Imperial Palace has remained closed for several years as its owner, Imperial Pacific International (IPI), continues to face money issues. It owes more than $100 million to various entities, including the Commonwealth of Northern Mariana Islands (CNMI), and has yet to show how it could cover its bills.

Amid the chaos, IPI’s skeleton crew of security officers is doing what it can to protect the massive property. However, this case presents some evidence that the thieves may have had internal knowledge of the operations.

Easy Target

Imperial Palace essentially sits abandoned, with an unclear path in its future. There are only a few employees holding down the fort, and the security personnel have their work cut out for them.

The guards reportedly spotted two men entering the complex at around 9 a.m on Friday. They saw them climbing a fence in the rear of the property and then called the authorities.

At least 20 police officers arrived on the scene and began to search for the criminals. They finally caught one of the suspects, according to the Department of Public Safety, but that wasn’t until 1:30 PM. The two crooks must have had some level of familiarity with the layout in order to avoid capture for so long.

The property has become an easy target, too big for four or five security guards to properly protect. In addition to having its assets leave through the front door as part of a series of auctions, some are leaving through the back doors and windows. Thieves are going after copper wire and construction material, including tools – anything they can move quickly.

This isn’t the first time they targeted the property, as the crooks were able to steal material on November 28 of last year. They made another hit a week later. It’s likely the attacks will continue, with IPI security stretched too thin to patrol the large property adequately.

Asset Sale Could Keep CCC Alive

The Commonwealth Casino Commission (CCC) has no money and no emergency funding from the CNMI government. As a result, it recently shut down, but is still trying to keep itself from having to dissolve completely.

Members of the CCC met last Thursday in a regularly scheduled session, according to Marianas Variety. It reported that several members, including chairman Edward C. Deleon Guerrero, had to attend via videoconference, since they weren’t in Saipan.

The commission is trying to work with the government to come up with a solution to its financial situation, as well as that of the IPI debacle. Commissioners didn’t elaborate on any concrete plans they might have in the works.

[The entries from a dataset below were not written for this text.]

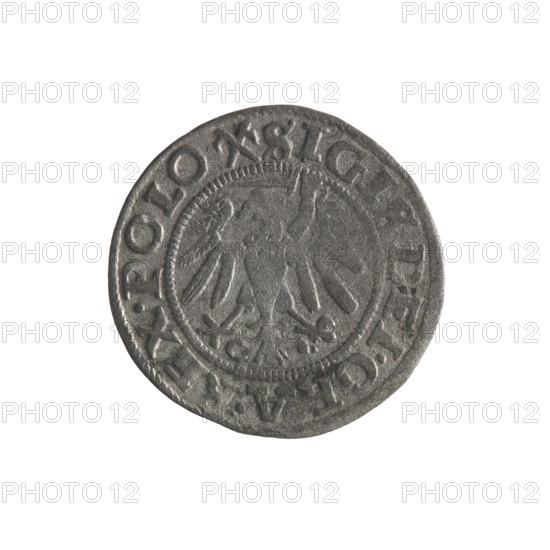 Gdansk szelag, Sigismund I the Old (King of Poland; 1506–1548). Obverse: Eagle of Royal Prussia, in the rim between pearls an inscription: .SIGIS.DEI.GRA.REX.POLO. Reverse: Coat of arms of Gdansk, in the rim between pearls an inscription: .MONE.CIVI.GED. N. 1539. Emblems/coats of arms of cities; Jagiellon dynasty; eagles. Polish coin; 1539; Gdansk, Poland.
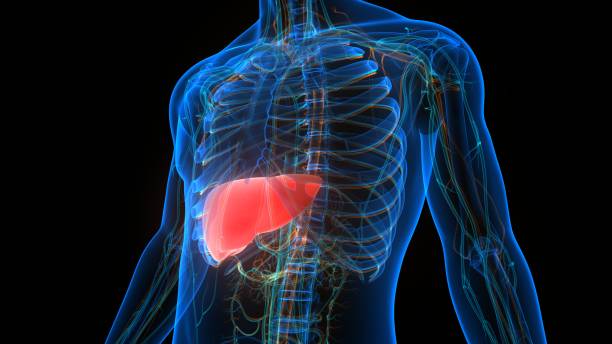 istock Human Internal Digestive Organ Liver Anatomy 1258069751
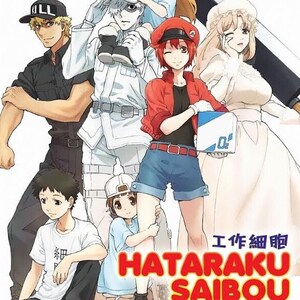 DVD Anime Hataraku Saibou Season 1+2 + Black (Vol.1-34 End) + Movie + OVA English Dubbed Express Shipping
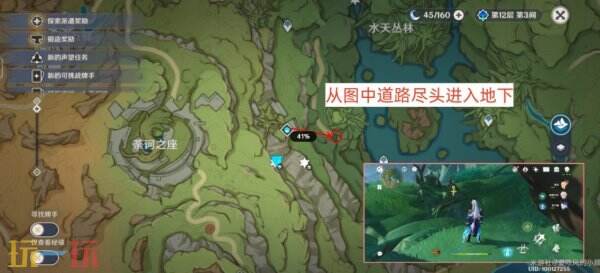 原神树王圣体菇采摘路线 原神树王圣体菇采集位置图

They did offer some insight into how they could fund the commission. It wants to receive some of the proceeds from the ongoing auctions that Clear Management, Imperial Palace’s receiver, is holding.

Clear Management is overseeing what could be six auctions a court judge approved to help pay down IPI’s debt. It wrapped up its third auction on January 6, during which it received confirmation of $101,550 from bidders to purchase various items.

A CNMI court has to give the final approval for the sale before Clear Management can settle the transactions. In total, the receiver has transacted $713,150 through the first three auctions.

It isn’t clear how much of that, if any, the CCC could receive. IPI owes it at least $9 million in regulatory fees, which is just a small portion of what it owes in taxes and other fiduciary responsibilities. It also still owes tens of millions of dollars to settle private lawsuits, but has no money to do so.